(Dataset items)

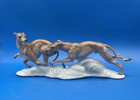 Rosenthal Germany Porcelain Figurine Of Two Greyhound Dogs By Heidenreich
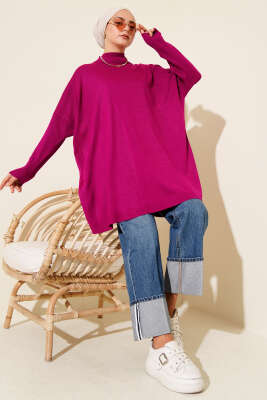 Düşük Kol Detaylı Triko Tunik Menekşe - Yılın Fırsatı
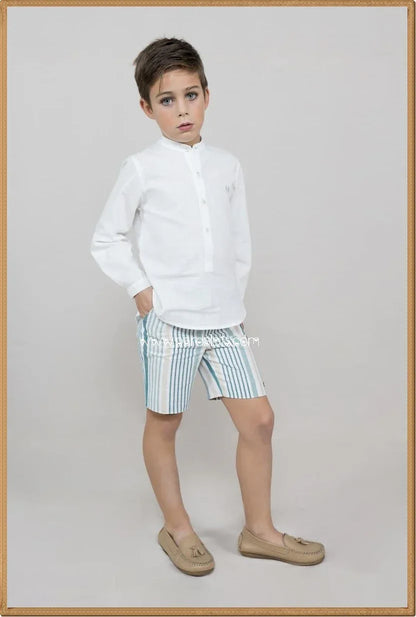 Conjunto camisa beig y short rayita verde "Klimt" - PARDALETS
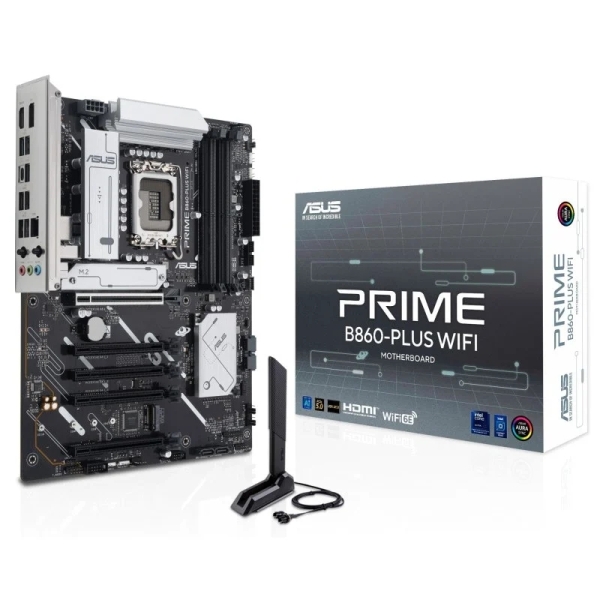 Asus Prime B860M-PLUS WIFI Placa Base LGA 1851 - WiFi, Bluetooth, 4x DDR5, 2x M2, 4x SATA III, PCIe 4.0, 5.0, USB 2.0, 3.2, USB-C, RJ-45, HDMI, DisplayPort - Factor de Forma ATX
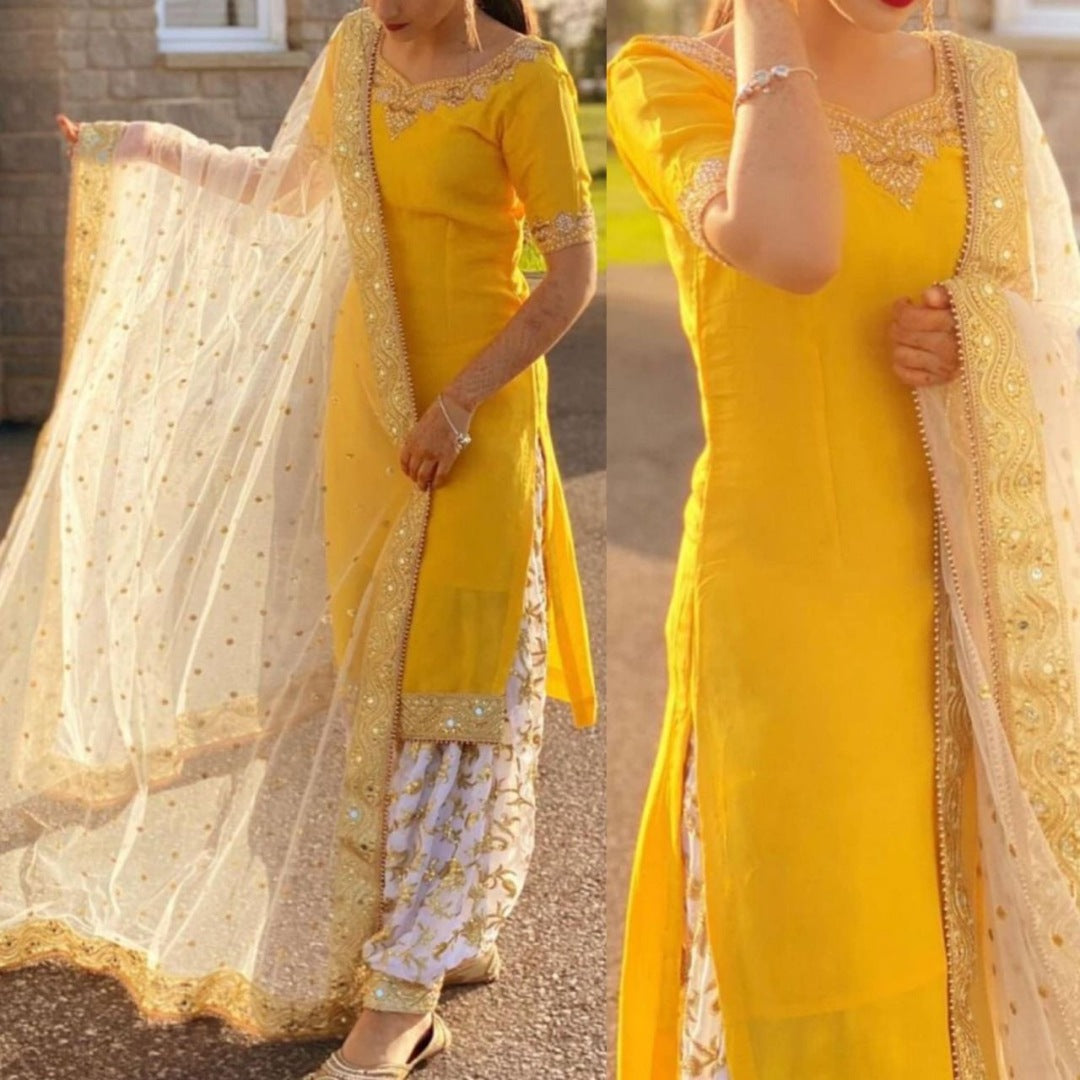 Yellow fancy thred and sequence work punjabi suit for haldi ceremony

WORK REQUIRED: Skipping the pictures, output the entries exactly as they appear above.

THE ANSWER:
 Rosenthal Germany Porcelain Figurine Of Two Greyhound Dogs By Heidenreich
 Düşük Kol Detaylı Triko Tunik Menekşe - Yılın Fırsatı
 Conjunto camisa beig y short rayita verde "Klimt" - PARDALETS
 Asus Prime B860M-PLUS WIFI Placa Base LGA 1851 - WiFi, Bluetooth, 4x DDR5, 2x M2, 4x SATA III, PCIe 4.0, 5.0, USB 2.0, 3.2, USB-C, RJ-45, HDMI, DisplayPort - Factor de Forma ATX
 Yellow fancy thred and sequence work punjabi suit for haldi ceremony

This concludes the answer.